At block 440, operations 400 proceed with executing the indicated portion of the workload.
In some aspects, operations 400 further include receiving, from the workload controller, information defining a new workload to be executed within the distributed computing environment. The power neural network is retrained to predict power utilization for workloads including the new workload. Information defining the retrained power neural network is transmitted to the workload controller in the distributed computing environment for use in distributing execution of the new workload across computing devices in the distributed computing environment. In some aspects, operations 400 further include receiving, from the workload controller, an indication of a portion of the new workload to be executed on the computing device based on the plurality of power neural networks including the retrained power neural network and executing the indicated portion of the new workload.

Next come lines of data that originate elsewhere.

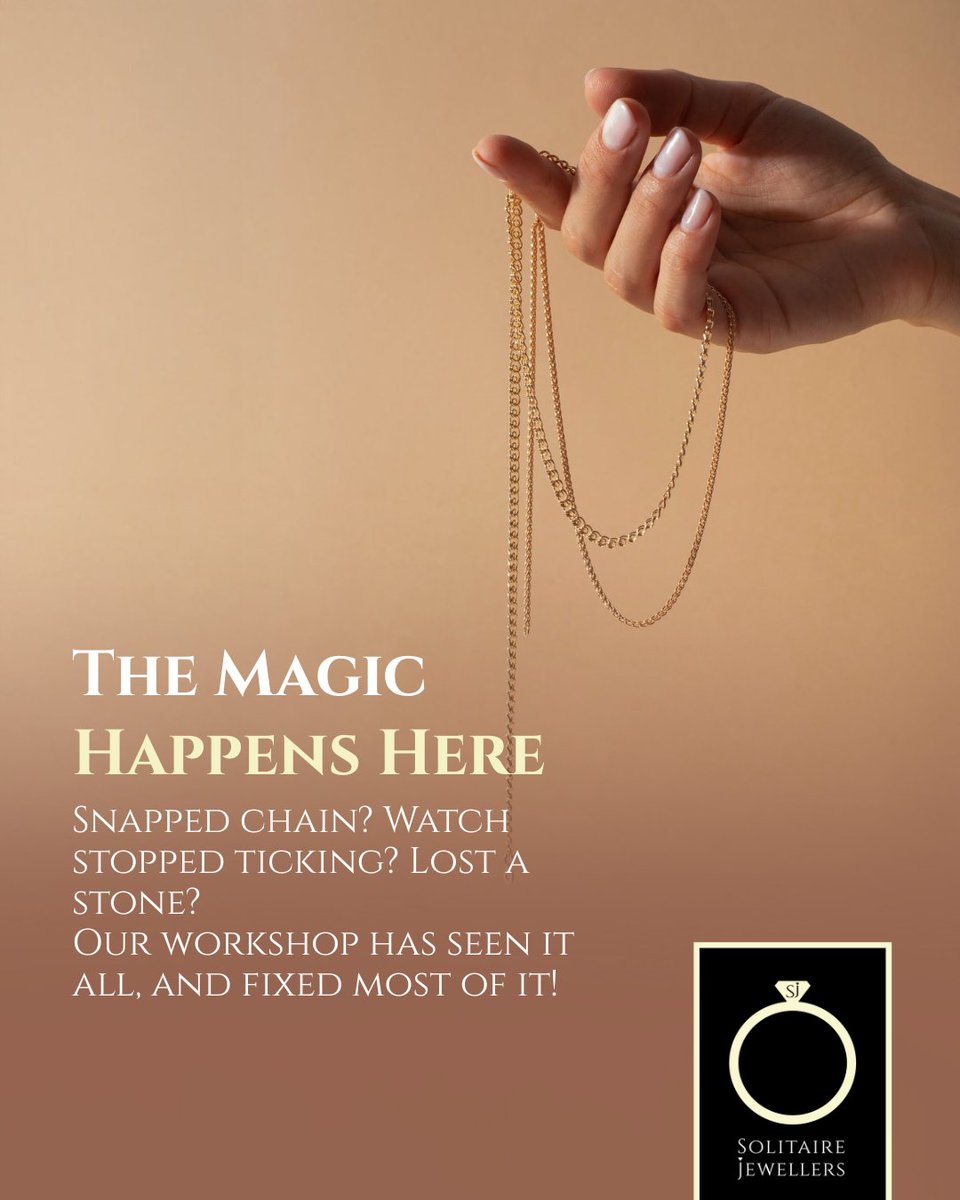 The Magic Happens Here 🛠️
Snapped chain? Watch stopped ticking? Lost a stone?
Our workshop has seen it all and fixed most of it!
Bring your jewellery or watches to Solitaire Jewellers and let our expert work their magic.

#Penge #Jewellers #Jewellery #classic #contemporary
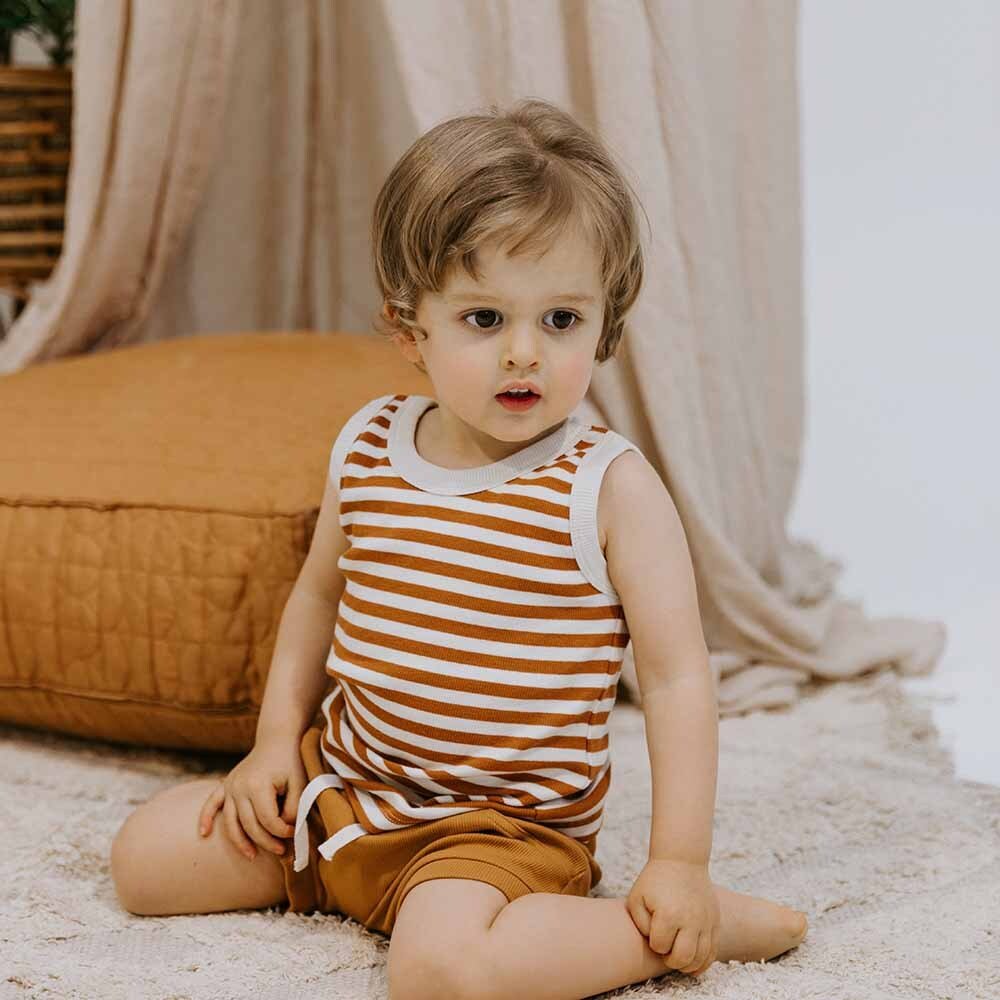 Biscuit Stripe Organic Singlet - View 6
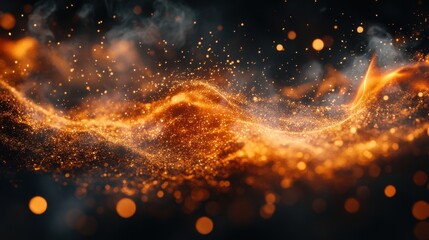 Abstract fiery particles flowing like a wave in a dark space background with a magical and ethereal atmosphere creating a dynamic and captivating visual effect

In some aspects, operations 400 include receiving, from the workload controller, one or more benchmark scenarios for training the power neural network. Training the power neural network generally includes training the power neural network in response to receiving the one or more benchmark scenarios from the workload controller.
In some aspects, wherein the power neural network comprises a neural network including weights, biases, and neural network structure information that allow for power utilization to be predicted for a computing device. The power neural network may avoid exposing architectural information about one or more processors on the computing device.
In some aspects, operations 400 further include receiving, from the workload controller, feedback related to the workload, and retraining the power neural network based on the received feedback.
In some aspects, the workload may include a graphics rendering operation (e.g., in a gaming application, an image processing application, a video processing application, a video streaming application, etc.) executed by the plurality of computing devices in the distributed computing environment. The graphics rendering operation may be, for example, a rendering operation in an extended reality (XR) environment, where at least one computing device of the plurality of computing devices includes a display on which the XR environment is displayed.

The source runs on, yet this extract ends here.